Lennie’s
Lennie’s
Jean-Christophe Kotsiras (p), Ludovic Ernault (as), Pierre Bernier (ts), Blaise Chevallier (b), Ariel Tessier (d)
Label / Distribution : Auto Productions
Composé d’une jeune génération de jazzmen français autour du pianiste Jean-Christophe Kotsiras, ancien élève d’Emil Spanyi, Lennie’s ne cache pas très longtemps son dessein, rendre hommage direct ou indirect à la musique de Lennie Tristano. Le quintet très égalitaire réuni ici s’empare de l’œuvre du pianiste et de ses amis, à l’instar de « Wow » qui fait la part belle à une base rythmique solide. Si l’on connaît bien Ariel Tessier, membre de Big Fish, Blaise Chevallier est davantage une découverte : compagnon régulier de Loustalot et de Kotsiras, c’est lui qui garde le contrôle d’un morceau aux tentations abstraites, chauffé par une batterie insatiable. À leurs côtés, les soufflants se poussent du coude, ivres de surenchère entre Pierre Bernier, membre des orchestres de Franck Tortillier, au ténor et Ludovic Ernault à l’alto, compagnon d’Enzo Carniel.
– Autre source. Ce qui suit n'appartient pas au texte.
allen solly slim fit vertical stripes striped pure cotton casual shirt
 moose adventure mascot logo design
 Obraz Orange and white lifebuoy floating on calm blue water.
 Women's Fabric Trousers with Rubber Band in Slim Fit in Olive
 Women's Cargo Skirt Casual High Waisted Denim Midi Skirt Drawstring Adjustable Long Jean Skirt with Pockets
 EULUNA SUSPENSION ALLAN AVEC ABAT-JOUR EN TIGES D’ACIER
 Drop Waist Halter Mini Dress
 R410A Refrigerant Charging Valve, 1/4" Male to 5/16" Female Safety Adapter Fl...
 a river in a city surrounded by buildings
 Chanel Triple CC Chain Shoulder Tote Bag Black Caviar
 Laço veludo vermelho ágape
Si le piano de Kotsiras est furieusement tristanien - sa composition « Anamnèse » en témoigne, qui laisse beaucoup de place à ses camarades mais jouit d’une main gauche aussi puissante que la droite est subtile -, ce sont bien les saxophones qui habillent un hommage conscient de l’importance de Tristano dans les fondations du free jazz. « Palo Alto » de Lee Konitz en est l’illustration, avec cette complexité joyeuse et fluide. Là aussi, le rôle de Blaise Chevallier est prépondérant, notamment pour accompagner les prises de liberté de Bernier, remarquable interprète.
Subtil et prometteur, ce quintet choisit la musique patrimoniale comme pour mieux délimiter son territoire et voir un peu plus loin. À ce titre, la composition « Emelia » de Kotsiras est certainement le morceau le plus enthousiasmant de ce premier album, justement parce qu’il sait transcender un respect qui semble très prégnant, et qu’il honore l’interplay du quintet. On aurait aimé, au regard du talent des soufflants, avoir au répertoire un titre de Warne Marsh, autre grand élève de Tristano, mais le choix cohérent des morceaux et la fluidité des interprétations emporte vite ce sentiment fugace.